Starting at the line that contains "soil samples with" and stopping at the line that contains "The image outlines", transcribe every line of the material below exactly; pictures stay out.

SOURCE DATA.
================================

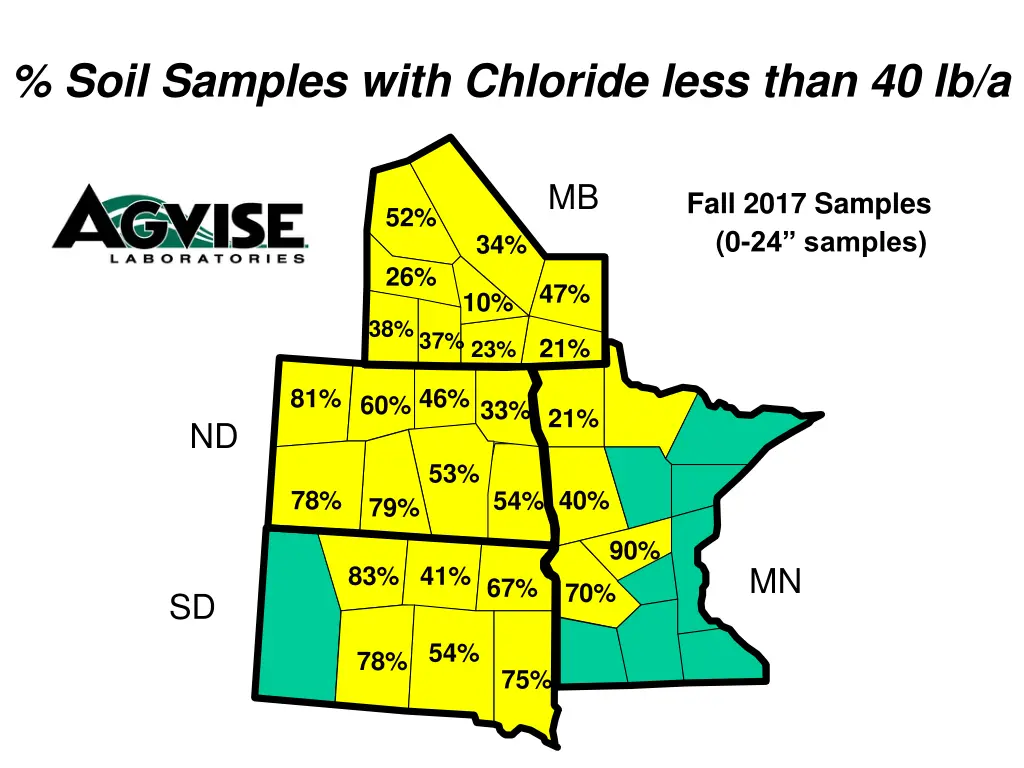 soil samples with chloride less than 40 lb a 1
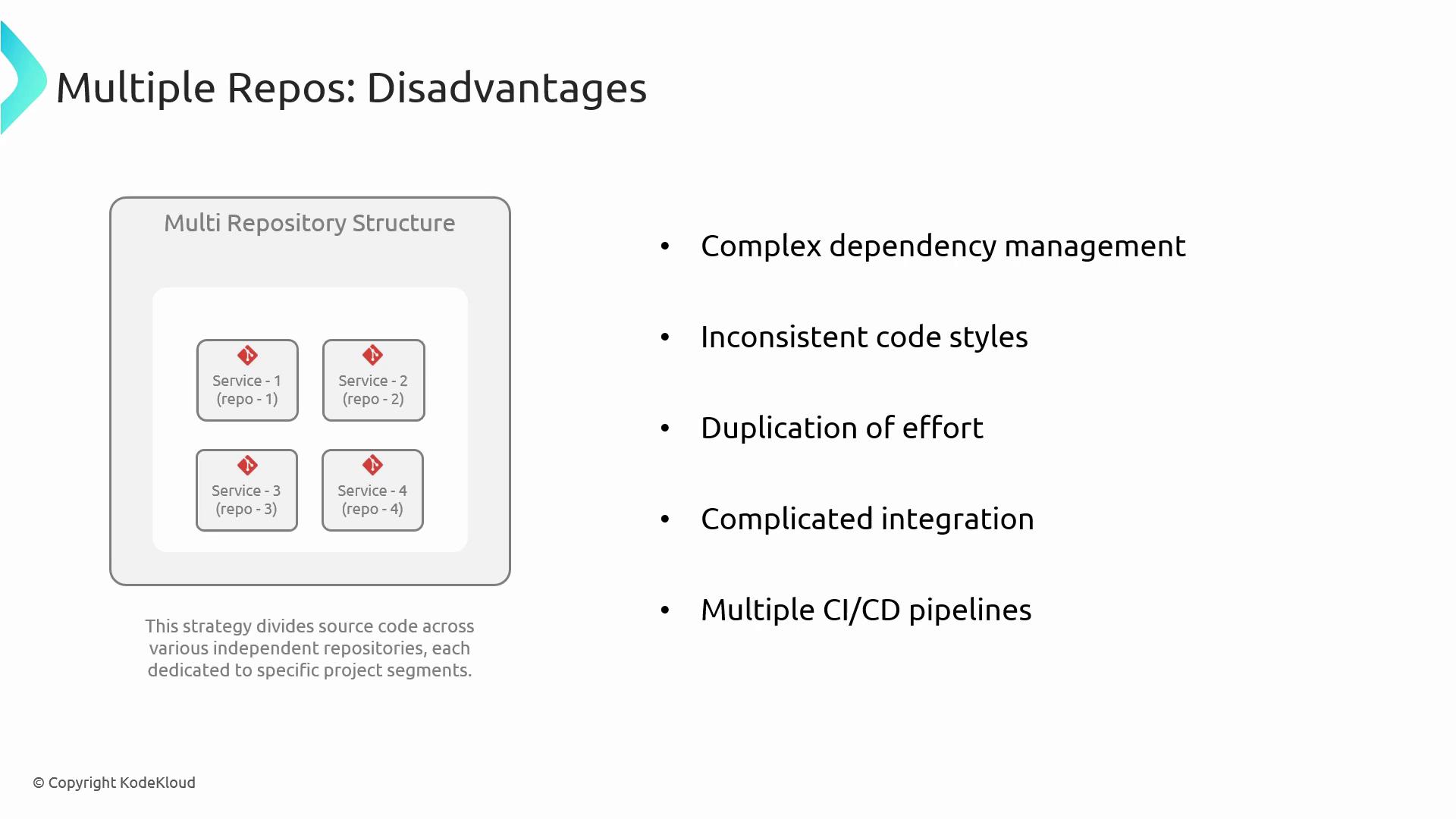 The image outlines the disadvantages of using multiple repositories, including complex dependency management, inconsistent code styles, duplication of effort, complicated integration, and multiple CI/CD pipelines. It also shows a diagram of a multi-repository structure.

================================

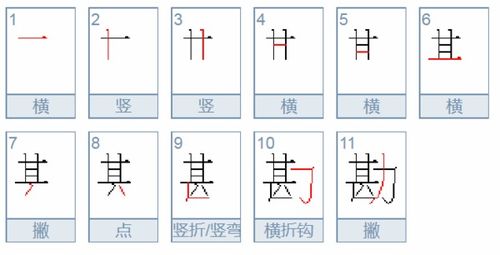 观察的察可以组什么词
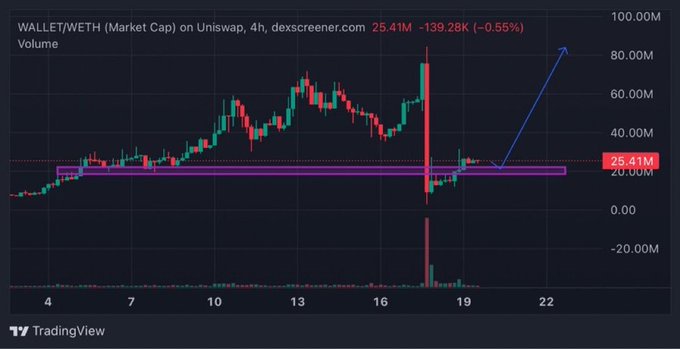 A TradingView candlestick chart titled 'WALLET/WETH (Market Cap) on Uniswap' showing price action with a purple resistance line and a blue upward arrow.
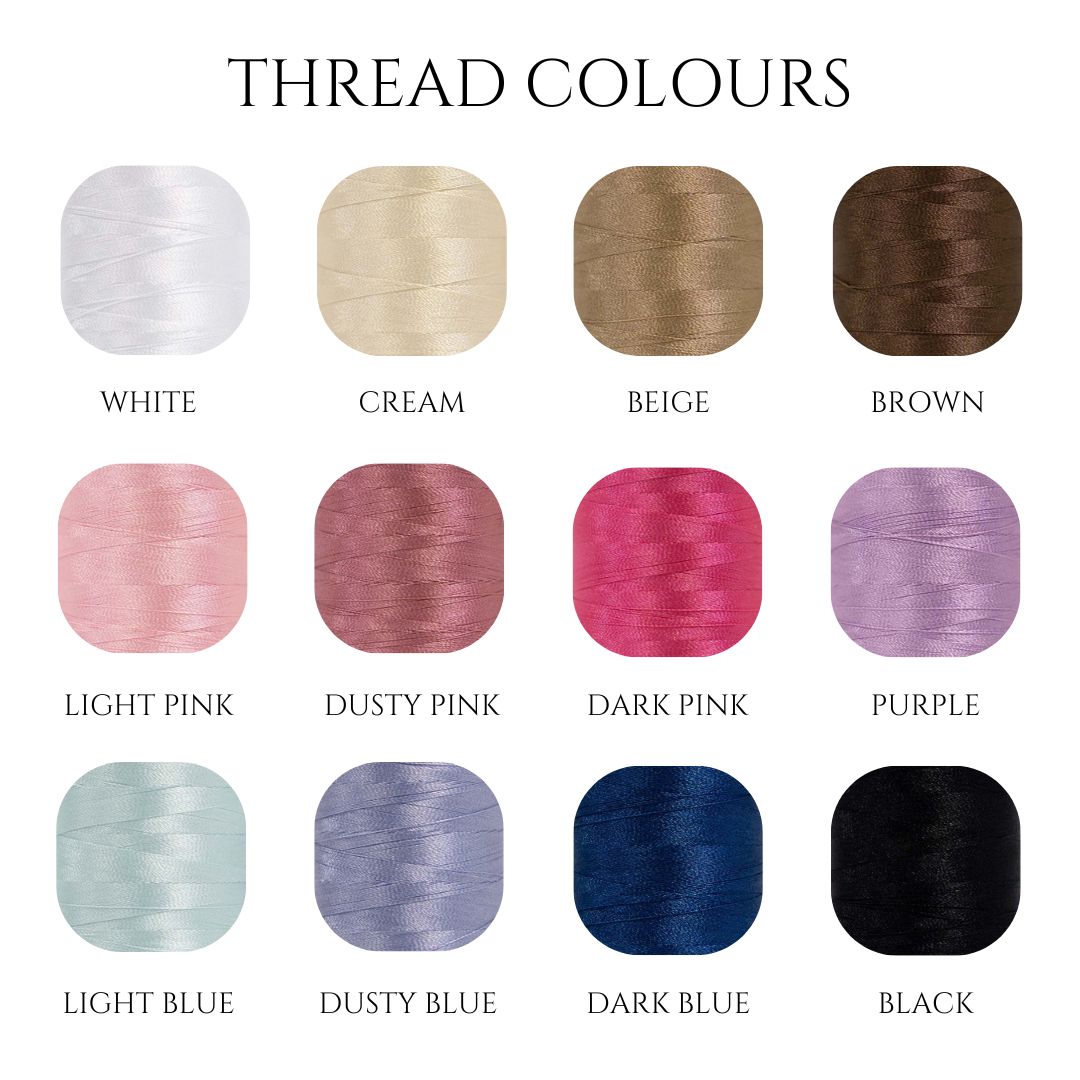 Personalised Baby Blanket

================================

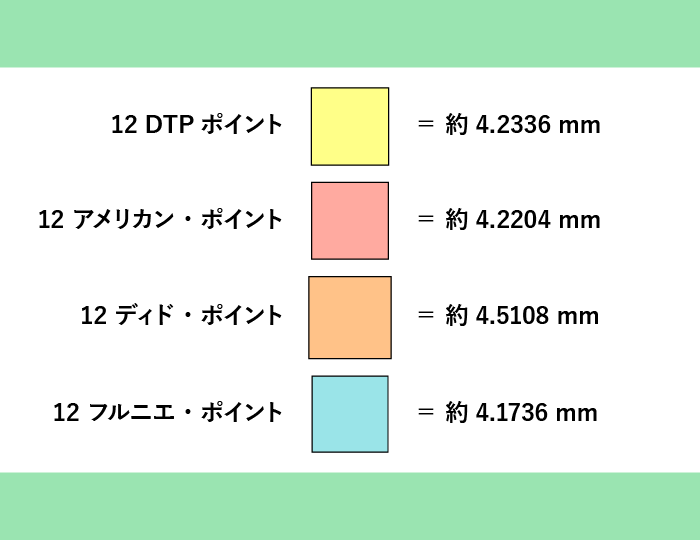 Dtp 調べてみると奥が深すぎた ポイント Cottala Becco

================================

WRITTEN ANSWER.
 soil samples with chloride less than 40 lb a 1
 The image outlines the disadvantages of using multiple repositories, including complex dependency management, inconsistent code styles, duplication of effort, complicated integration, and multiple CI/CD pipelines. It also shows a diagram of a multi-repository structure.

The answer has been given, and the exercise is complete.